DIRECTIONS.
The answer is the exact run of lines in the listing below from the line containing "Part 4: Index" up to and including the line containing "Either way, a", with pictures removed.

RECORDS PROVIDED.
++++++
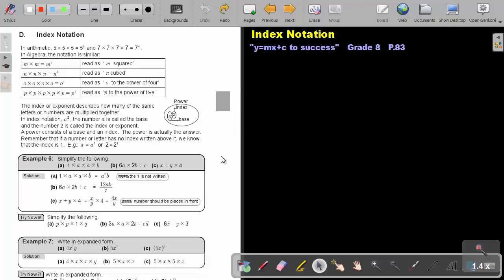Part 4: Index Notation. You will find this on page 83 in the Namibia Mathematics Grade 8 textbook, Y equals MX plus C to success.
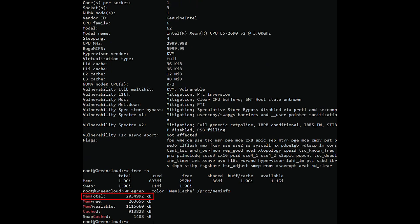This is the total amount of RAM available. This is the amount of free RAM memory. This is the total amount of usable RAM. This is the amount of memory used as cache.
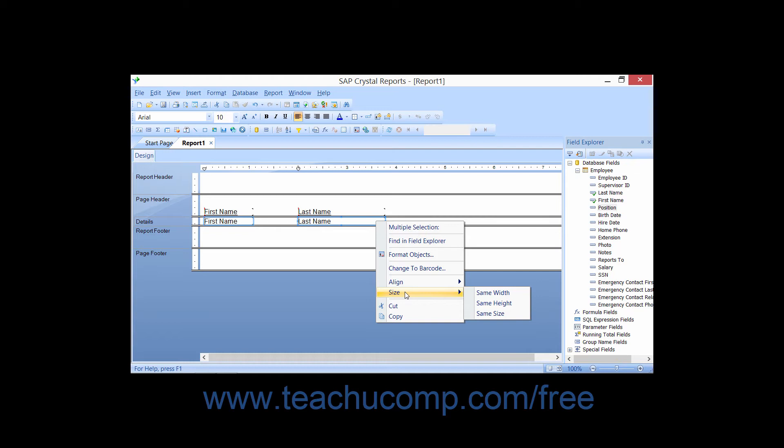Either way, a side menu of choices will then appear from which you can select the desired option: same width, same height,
++++++
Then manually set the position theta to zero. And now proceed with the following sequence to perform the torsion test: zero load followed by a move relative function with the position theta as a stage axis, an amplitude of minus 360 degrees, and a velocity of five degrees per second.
++++++
RESPONSE TO THE EXERCISE.
Part 4: Index Notation. You will find this on page 83 in the Namibia Mathematics Grade 8 textbook, Y equals MX plus C to success.
This is the total amount of RAM available. This is the amount of free RAM memory. This is the total amount of usable RAM. This is the amount of memory used as cache.
Either way, a side menu of choices will then appear from which you can select the desired option: same width, same height,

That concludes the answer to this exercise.